Fundamentals of Distributed Theory

Fundamentals of Distributed Theory

Classical Byzantine Generals Problem

Story overview: The problem of maintaining consistency in battle plans among multiple armies, ensuring that the final voting results remain consistent even when some army messengers deliver false messages.

Oral Message Solution: If there are m traitors, the number of generals must be no less than 3m + 1, then the Byzantine Generals Problem can be solved.

Signed Message Solution: Sign the battle plans before transmission, which allows detection of traitors without increasing the number of loyal generals.

The Byzantine problem is the most difficult and complex issue in distributed systems, involving not only fault behaviors but also malicious behaviors. Therefore, Byzantine Fault Tolerance (BFT) algorithms must be used in digital cryptocurrencies. Common other Byzantine algorithms include: PBFT and PoW algorithms.

Distributed problems in computer systems are more often non-Byzantine problems, i.e., Crash Fault Tolerance (CFT) algorithms. Common algorithms include the Paxos algorithm, Raft algorithm, and ZAB protocol.

How to choose appropriate algorithm types in practical scenarios? The answer is: if you can ensure that nodes in the environment are trustworthy and there are no malicious behaviors such as tampering with messages or forging messages (for example, distributed routing addressing systems in DevOps environments), it is recommended to use non-Byzantine fault tolerance algorithms; otherwise, it is recommended to use Byzantine fault tolerance algorithms, such as using PoW algorithm in blockchain.

CAP Theorem

  • Consistency
  • Availability
  • Partition Tolerance

Consistency: Regardless of which node is queried, the returned result is always the latest consistent data. Availability: No matter which non-faulty node is accessed, a response can be obtained, but it does not guarantee it is the same latest data (emphasizes service availability, but does not guarantee data correctness), measured by service latency. Partition Tolerance: No matter what kind of data synchronization problems occur within the cluster, the cluster will continue to operate.

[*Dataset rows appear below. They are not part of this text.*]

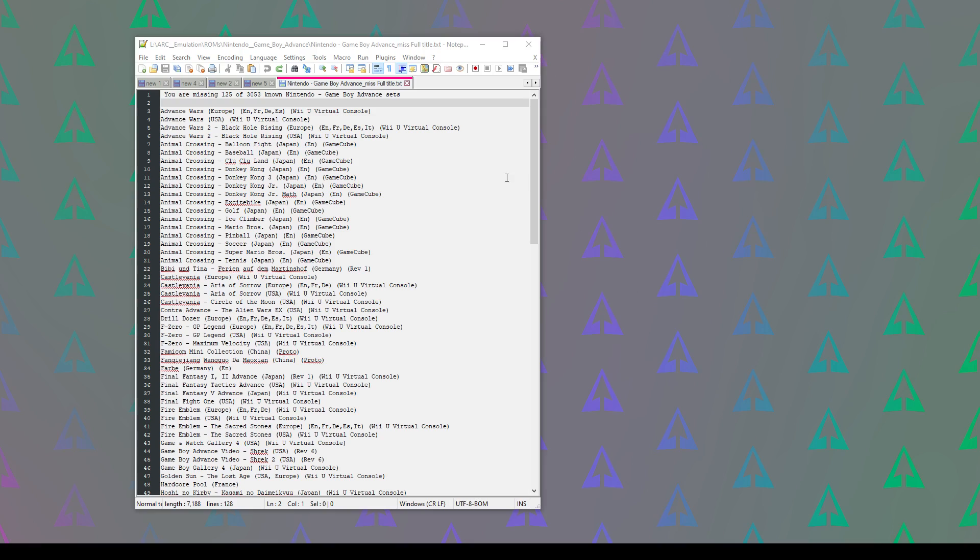Hey this is a tip for Notepad++. This is how you can search for a particular word or even a phrase contained within a file you have open in Notepad++ and have the line that contains that text or phrase removed.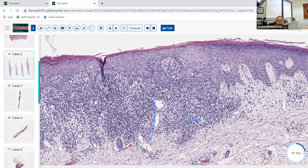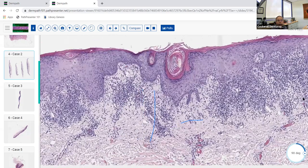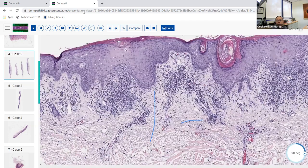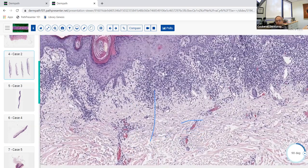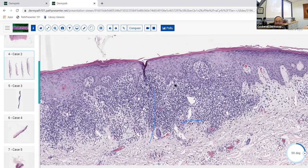A benign lichenoid keratosis is basically a macular seborrheic keratosis or solar lentigo that gets an inflammatory infiltrate of lymphocytes developing a lichenoid pattern. Without clinical context, you might think about lichen planus because it can look very similar. BLK usually doesn't give eosinophils - mostly lymphocytes. You can get necrotic keratinocytes and colloid bodies with BLK just like lichen planus. The key is seeing the macular seborrheic keratosis, horn pseudocysts, and other changes off to the side. Clinically these are usually submitted as rule-out basal cell carcinoma.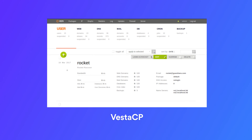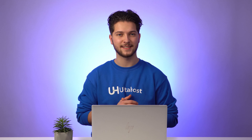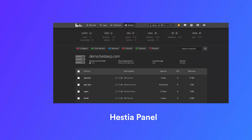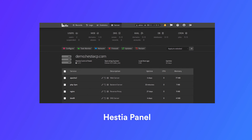Next up is VestaCP. This control panel is known for its simple and easy to use interface, making it a great option for beginners. It also has a wide range of features including email account management, file management and website statistics.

CAP Impossible Triangle: All three cannot be achieved simultaneously; only two can be chosen among the three metrics.

How to make selections?

  • In cases where network partitions do not exist, CA can be guaranteed simultaneously.
  • When network partitions exist, C and A must be mutually exclusive. If reading stale data would have adverse effects on business, choose C; otherwise choose A.
  • Generally speaking, the closer the cluster is to the final storage cluster, the stronger the demand for A becomes.

CP model examples: Etcd, Consul, and HBase. AP model examples: Cassandra and DynamoDB.

  1. If the business requires strong consistency, availability must be sacrificed and CP model should be chosen.
  2. If the business only needs eventual consistency, priority should be given to satisfying availability and choose AP model.

ACID Theory

It is recommended that when developing distributed systems, unless absolutely necessary, try not to implement transactions and consider adopting eventual consistency instead.

Implementing strong consistency will inevitably affect availability. For example, in cluster systems using the two-phase commit protocol, because executing commit operations requires confirmation and voting from all nodes.

Two-Phase Commit Protocol

To complete distributed transactions, meaning all specific actions on different nodes either all occur or none occur, the two-phase commit protocol can be used to solve this.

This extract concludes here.